Esse fato se comprovava em mesa de bar, a enésima garrafa de cerveja como pilar de alguma discussão maluca. A existência dos discos voadores, as preferências futebolísticas, as belezas dos países de língua espanhola, a MPB, os tropeços e trapaças governamentais – o catálogo nunca foi escasso. A exposição de motivos nessas conversas costumava se pautar pela ausência de substância e de agilidade intelectual (como é de praxe em conversas de bar). No auge da argumentação, talvez em razão de algum surto de lucidez, tudo desmoronava como se alguém tivesse assoprado o castelo de cartas. Rir se apresenta como o melhor remédio, o sinal inequívoco para mudar de assunto e reiniciar a encenação.   

Bife à milanesa era o cardápio principal das quintas-feiras. Claro, comia quem tinha vontade ou fome, existem outros pratos no cardápio, gosto não se discute, etc. e tal. O importante era estarmos juntos, alimentar a alegria, ampliar a algaravia, deixar na rua os problemas que se recusam a ser domesticados.  

Indeterminados são os motivos que fortalecem uma amizade. Somos de diferentes origens geográficas e profissionais. Melhor assim. Salve as afinidades eletivas, que sempre produzem bons frutos! E isso, trocando em miúdos, significa que ninguém se importa (muito!) com o fato de estarmos morando (por um desses acasos da sorte ou do azar) nessa terra ignorada pelos deuses do Olimpo e habitada pela aristocracia bovina falida (como diria o Rogério Castro, de saudosa memória). Em Roças Novas (Minas Gerais) ou San José (Uruguai) talvez fosse melhor, mas o destino raramente colabora.

Foi o Covid-19 que causou a mudança de hábitos. Recolhidos ao isolamento social, todos enquadrados nos grupos de risco, diariamente mandamos mensagens pelo whatsapp ou, esporadicamente, fazemos chamadas de vídeo. Desculpas para ficamos tagarelando sobre as trapalhadas políticas, sobre alguma bobagem praticada pelos outros amigos. Assunto não falta. Mas,... Não é a mesma coisa.

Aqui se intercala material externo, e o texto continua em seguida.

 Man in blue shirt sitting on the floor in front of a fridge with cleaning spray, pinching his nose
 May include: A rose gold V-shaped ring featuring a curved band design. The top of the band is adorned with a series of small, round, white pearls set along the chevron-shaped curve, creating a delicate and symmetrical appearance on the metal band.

Em algum momento, mais tarde, provavelmente bem mais tarde, quando a crise viral se transformar em assunto para inúmeras conversas no botequim, entre uma batatinha frita e um gole de chope, alguém perguntará: você se recorda da época em que ficamos presos em casa? Uma breve nuvem de melancolia passará pelos nossos olhos e diremos que foram tempos difíceis. Essa resposta automática, protocolar, esconderá que estaremos pensando em outra coisa: que há perdas que não podem ser compensadas pelo presente e pelo futuro. E lembraremos dos bifes à milanesa que deixamos de comer, das bobagens que orientavam as nossas conversas e da falta que se materializa no não poder desfrutar da companhia uns dos outros.